Print exactly what appears from the line containing "this 350×350 image." through the final line of the data below, pictures excluded.

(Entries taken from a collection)
....

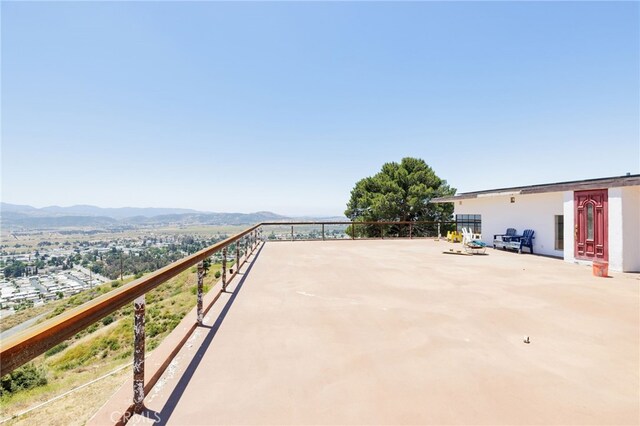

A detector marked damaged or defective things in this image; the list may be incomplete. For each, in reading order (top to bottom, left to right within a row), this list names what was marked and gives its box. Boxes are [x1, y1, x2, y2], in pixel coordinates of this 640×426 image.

rusty metal railing [0, 221, 456, 422]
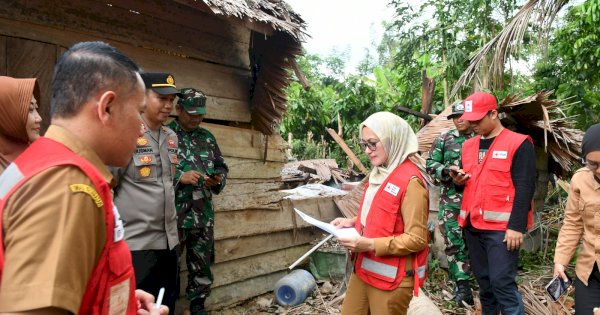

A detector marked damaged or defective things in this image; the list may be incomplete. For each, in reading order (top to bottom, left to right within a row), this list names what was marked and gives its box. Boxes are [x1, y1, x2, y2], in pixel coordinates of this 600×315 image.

damaged wooden house [0, 0, 346, 312]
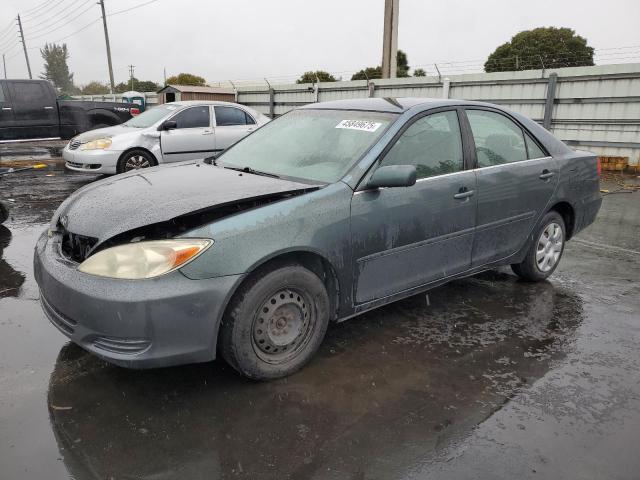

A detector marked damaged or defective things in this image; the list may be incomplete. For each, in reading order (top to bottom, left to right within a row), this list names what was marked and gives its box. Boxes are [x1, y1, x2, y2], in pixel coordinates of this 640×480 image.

broken headlight [77, 239, 212, 280]
crumpled hood [53, 162, 320, 244]
damaged toyota camry [31, 98, 600, 378]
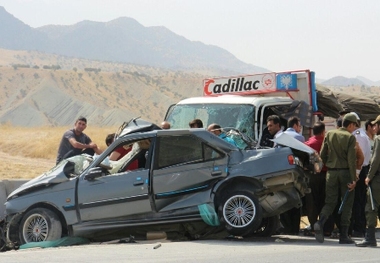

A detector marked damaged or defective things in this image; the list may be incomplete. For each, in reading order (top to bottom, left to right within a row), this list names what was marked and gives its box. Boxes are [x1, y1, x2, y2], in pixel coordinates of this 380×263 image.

shattered windshield [166, 104, 255, 139]
crumpled hood [7, 163, 70, 200]
severely damaged car [0, 118, 316, 251]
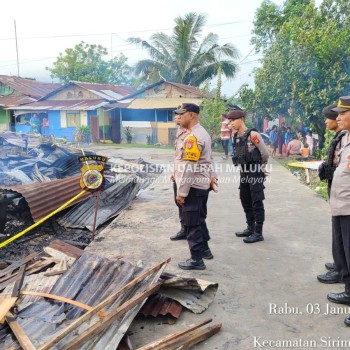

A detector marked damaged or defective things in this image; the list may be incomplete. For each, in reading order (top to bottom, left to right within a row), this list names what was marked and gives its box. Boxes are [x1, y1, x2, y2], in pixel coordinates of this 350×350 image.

rusty corrugated metal sheet [0, 75, 60, 99]
rusty corrugated metal sheet [0, 175, 93, 221]
rusty corrugated metal sheet [139, 294, 183, 318]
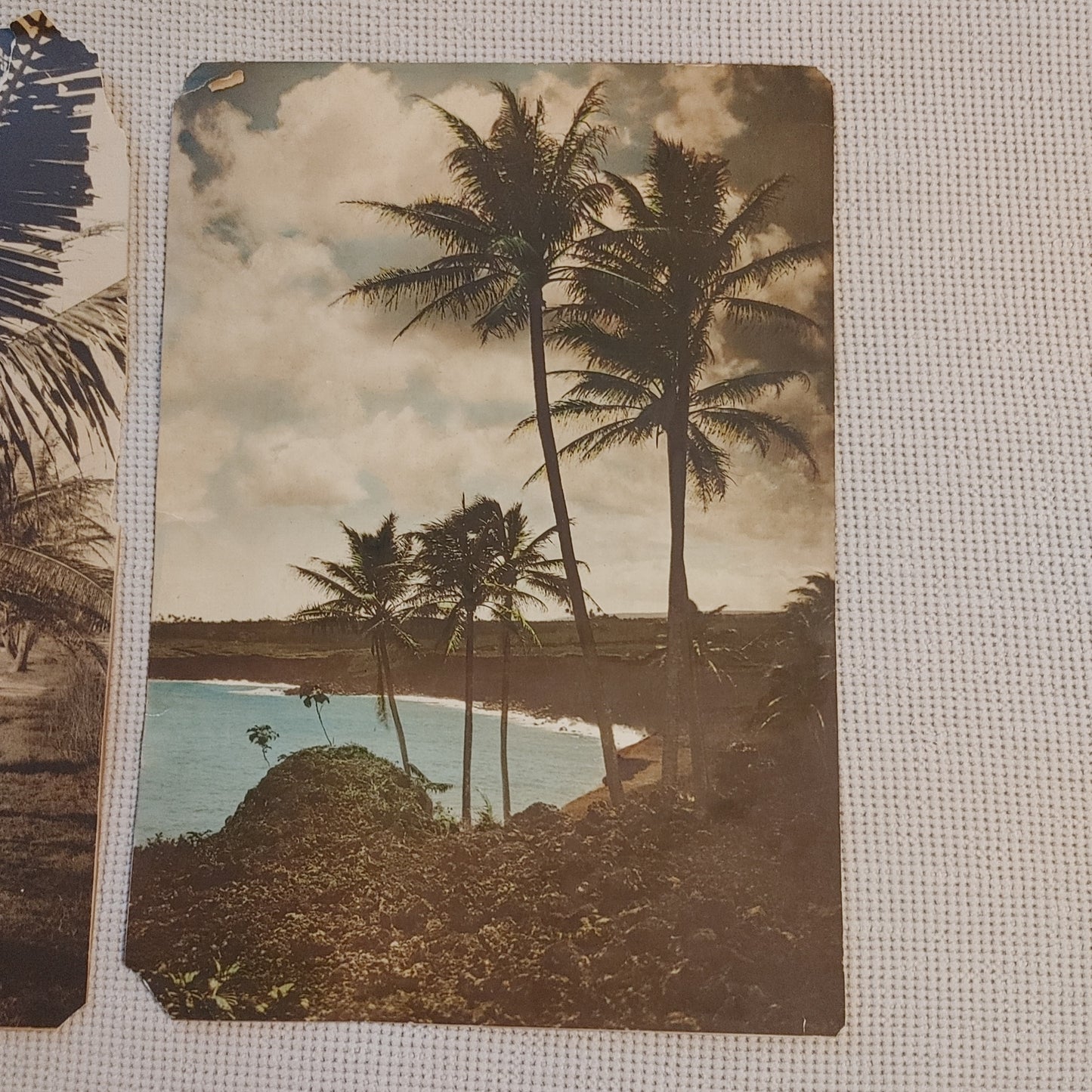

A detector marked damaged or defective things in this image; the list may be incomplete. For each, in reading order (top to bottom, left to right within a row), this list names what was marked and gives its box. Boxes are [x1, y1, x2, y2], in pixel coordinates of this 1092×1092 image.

torn photo corner [0, 12, 128, 1026]
torn photo corner [129, 60, 843, 1031]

....

*Written answer*.
A detector marked damaged or defective things in this image; the list may be incomplete. For each, in reading order (top to bottom, left to right within a row), this list names what was marked and gives its box. Boxes are [x1, y1, x2, y2], in pixel coordinates of this 350×350 image.

rusty corrugated metal sheet [0, 75, 60, 99]
rusty corrugated metal sheet [0, 175, 93, 221]
rusty corrugated metal sheet [139, 294, 183, 318]

A detector marked damaged or defective things in this image; the list may be incomplete. For each, in reading order (top to bottom, left to right within a row), this list names what was marked and gives its box. Boxes are [x1, y1, x2, y2], in pixel coordinates of this 1092×1092 image.

torn photo corner [0, 12, 128, 1026]
torn photo corner [129, 60, 843, 1031]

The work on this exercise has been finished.